Dans une des pièces du bas de la maison où sont entreposés les si grands sacs de biscuits pour animaux, toujours ces portes comme dans les western, heureusement, car tu ouvres la moitié haute seulement, l'ours le tête dans un sac de biscuits.
Avec des bruits affolants de contentement, griffant dévorant...
Paul prend un lasso au bout d'une perche et essaye de le passer au cou de l'animal.
Il réussi, tire l'ours, mais l'ours tire de son côté et la valse "viens par ici, non je mange et je gronde" dure bien une trentaine de minutes.
Enfin l'ours regagne son domicile.
Et si je vous parlais des singes ?
D'abord y a Gildas, ça commence et c'est aussi poignant qu'une chanson de Brel.
Gildas je vous en parle plus haut.
Et Jojo, lui aussi venant de Paris, une femme qui tient un magasin "La vie claire".
Tu parles d'une idée, se faire plaisir avec un singe , enfin je pense et je veux dire plaisir de posséder un singe, pour une avant-gardiste bio de l'époque !
Elle n'en peut plus de son singe.
Abandon.
Elle vient de temps en temps, le dimanche en visites lointaines lui balancer des restes de son fond de commerce.
Et puis mon amour, ma douceur, ma beauté de Judith, une petite "laineux du Brésil" loin de sa forêt d'Amazonie.
Elle vit sur l'ile devant la maison, les cygnes noirs nagent autour.
Je suis souvent avec elle.
J'enfile des bottes traverse l'eau, elle saute sur mon cou, roucoule.
Ses yeux dorés, si ronds et interrogateurs, son pelage brun et miel à peine bouclé, si chaude, sa queue agrippée à mon bras, elle s'enroule autour de moi tête en bas.
Il me faut du temps à chaque fois pour la quitter, elle pressent tout, me mordille l'oreille, puis, plus une vrais morsure comme un baiser.
Les mandrills, culs rouges et bleus avec des crocs terrifiants.
Un aussi s'est échappé tout en haut d'un arbre un jour, peur qu'il disparaisse, qu'il nous saute dessus, et si la population...
C'est plus du Brel, c'est du Brassens.
Récupéré lui aussi au collet et hop ! dans la cage.
Les cacatoès "blanc et jaune" qui volètent dans la maison et qui tirent le canon, ça aussi un reste de cirque.
Et Coco, perroquet gris du Gabon, lui aussi récupéré, de je ne sais plus où.

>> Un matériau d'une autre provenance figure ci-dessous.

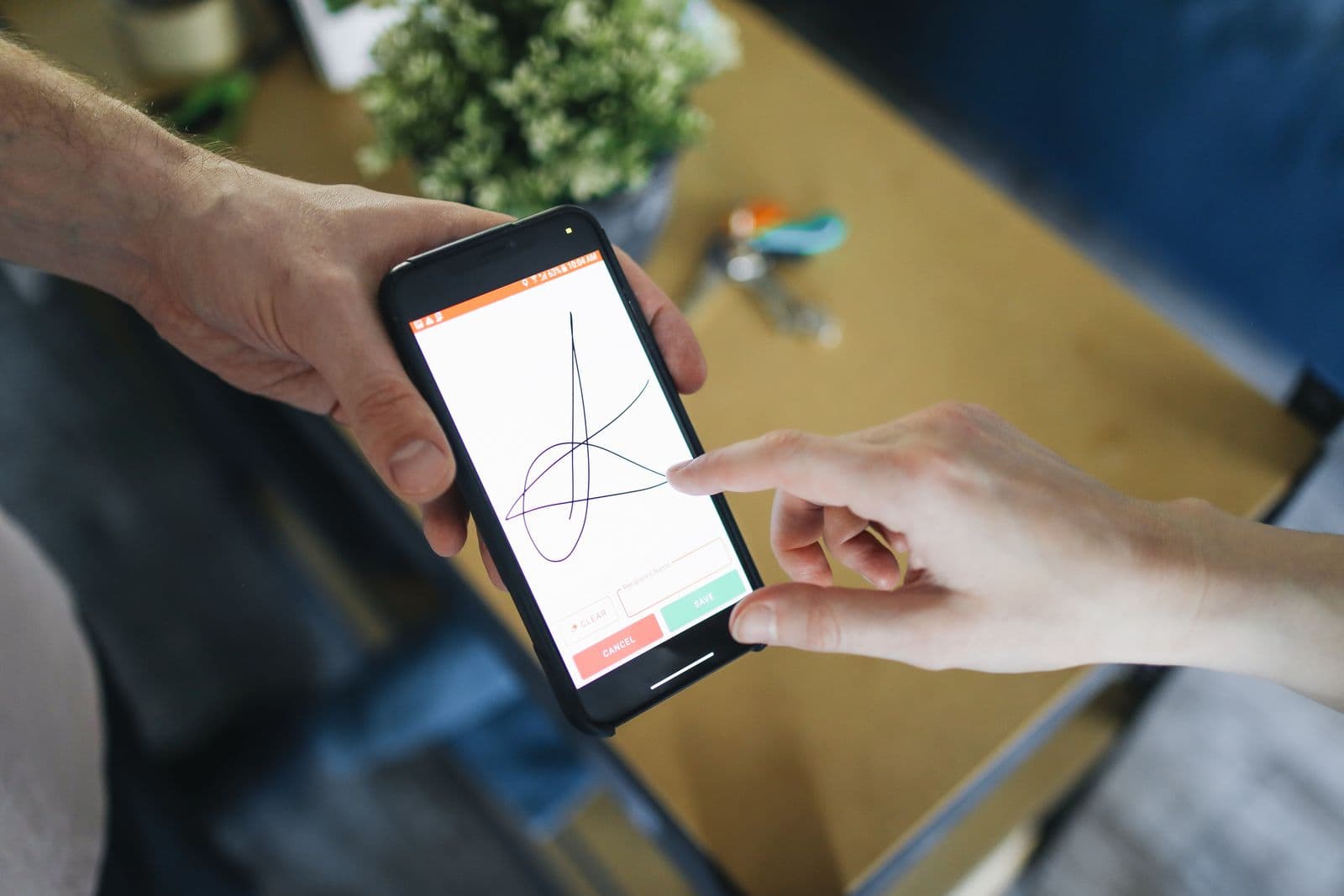 Zwei Personen bestätigen einen Vorgang über ein Mobilgerät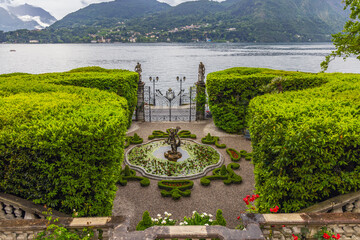 View from the palace to Lake Como and the entrance to the park in the gardens of Villa Melzi in...
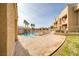 Inviting community pool with a surrounding patio area at 2173 Aspen Mirror Way # 101, Laughlin, NV 89029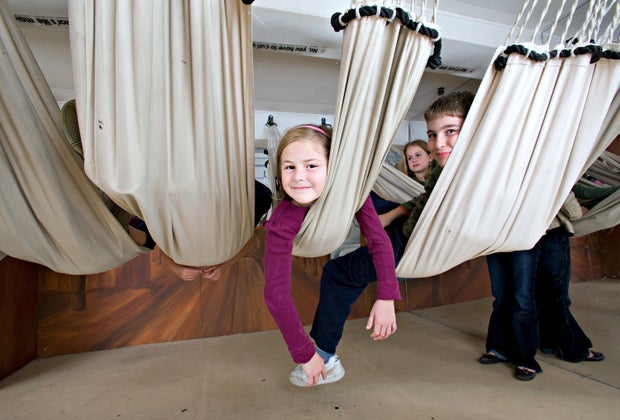 Photo of child in hammock on USS Constitution Museum.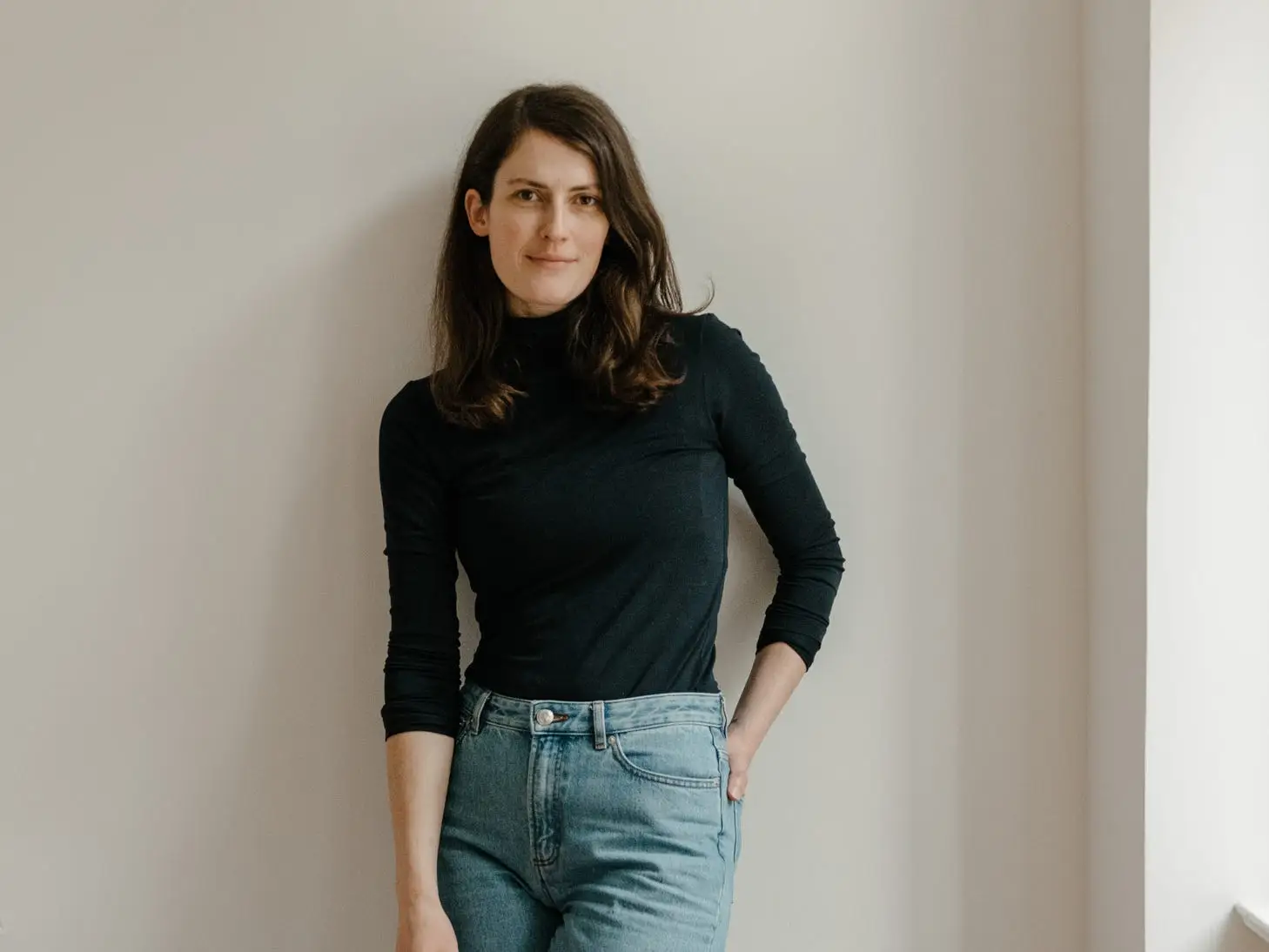 A woman in a black long-sleeved top and jeans leaning against a wall.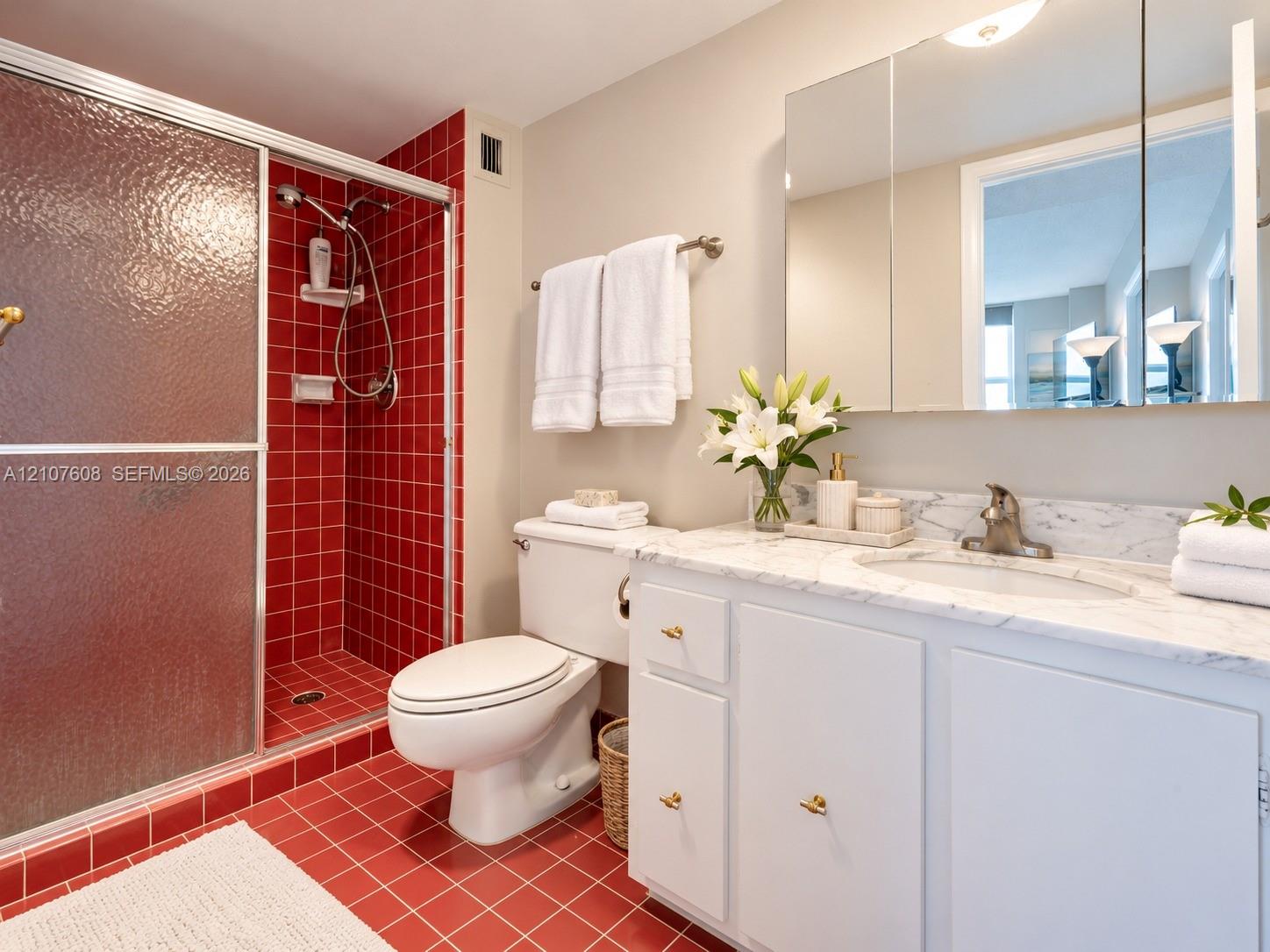 Vanity with stone countertop and integrated oval sink, built-in medicine cabinet, walk-in shower with textured glass door, and tiled flooring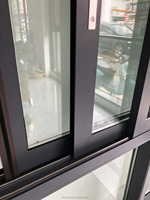 Ventana Corredera de Aluminio de Alta Resistencia con Mosquitera Integrada y Cierre Multipunto de Seguridad para Unidades Residenciales en Planta Baja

Il vit sur son perchoir dans la cuisine, chante, danse, dit des insanités...
Paul qui ne supporte pas le téléphone, et qui a la télévision " la radio à images" à contrecoeur depuis qu'il vit avec Michèle dit "Oh le con" à chaque fois que le téléphone sonne.
Un soir dans un film un téléphone sonne et du fond de la cuisine on entend "Ho le con"
Coco à coeur joie.... nous fait rire.
Les chimpanzés sont fragiles des poumons, voir le climat de nos contrées !
Paul dit " Envers" et les voilà tous les deux les pieds au mur, position facile pour leur mettre des suppositoires.
Ils sortent faire les courses avec nous.
Toilette dans une bassine, couches, pull-over, salopettes et hop dans les bras.
Comme des gosses ils filent dans l'épicerie direct vers les bonbons.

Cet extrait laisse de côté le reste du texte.